L’inizio del Masters 1000 di Monte Carlo segna l’inizio della grande stagione sulla terra rossa. Assenze di spicco, ma anche grandi protagonisti, in uno scenario magico

Dov’eravamo rimasti? Ah già, un anno fa ci eravamo congedati attardandoci sulla bellezza dei suoi colori. Sul chiaro predominante di un pubblico tanto chic misto al rosso mattone di quel «Ranieri III» affacciato sull’azzurro turchino di una baia mozzafiato, punteggiata da poveri yacht. A tinteggiare oltremodo i pensieri del pubblico ci si erano messi anche i piedi di Alejandro Davidovich Fokina, calati in calze di pigmento opposto per il solo vezzo, tutto scaramantico, di rendere ancor più vigorose gambe color carne. Affidato al nero di un calzerotto sinistro e al bianco del suo omologo destro, il rituale aveva retto fino all’epilogo della grande avventura, quando i due sudaticci indumenti dello spagnolo avevano finito per avere la peggio contro quelli più uniformi e velatamente biancastri di Stefanos Tsitsipas.

Un anno è passato, e dopo la sbornia cementifera della Sunshine Double americano, tocca ancora una volta a Monte Carlo riaprire i battenti della grande stagione terraiola tutta europea, e voci di rimbalzo affermano che anche quest’anno le calze difformi di Davidovich Fokina finiranno con l’arricchire la policromia del grande appuntamento, unico dei Masters 1000 a non avere obbligo di partecipazione. Tutti gli altri godono dello status di mandatory, condizione privilegiata che, da regolamento, impone ai migliori di non disertare. E dove non c’è dovere c‘è piacere, lo stesso che tennisti di tutto il mondo accordano ai campi scalinati del Monte-Carlo Country Club. Al punto da volerlo issare, già diverse volte a miglior torneo dell’anno.

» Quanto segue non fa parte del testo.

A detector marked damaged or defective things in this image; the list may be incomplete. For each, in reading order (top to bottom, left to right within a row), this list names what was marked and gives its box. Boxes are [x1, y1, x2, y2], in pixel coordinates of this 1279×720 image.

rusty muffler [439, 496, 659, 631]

L’albo d’oro parla chiaro: gli undici titoli di Nadal dell’era open, distanziano di molto i tre di Nastase, Borg e Muster degli anni ’70 mentre dai giorni lontani del dilettantismo puro, arrivano gli echi di epiche terzine compiute da Lowe, Cochet e Nicola Pietrangeli. Sulle ali del tempo, poi, affiorano anche le 5 vittorie di Antony Wilding appena prima della Grande Guerra, nonché le 6 di Reggie Doherty e le 4 di suo fratello Lawrence a inizio ‘900. Insomma un appuntamento, quello alle porte, che regala al mondo il pathos della grande tradizione, la stessa che avvolge i trionfi moderni di Stefanos Tsitsipas, deciso, anche lui a scrivere la sua trilogia circa le vicende tennistiche del Principato.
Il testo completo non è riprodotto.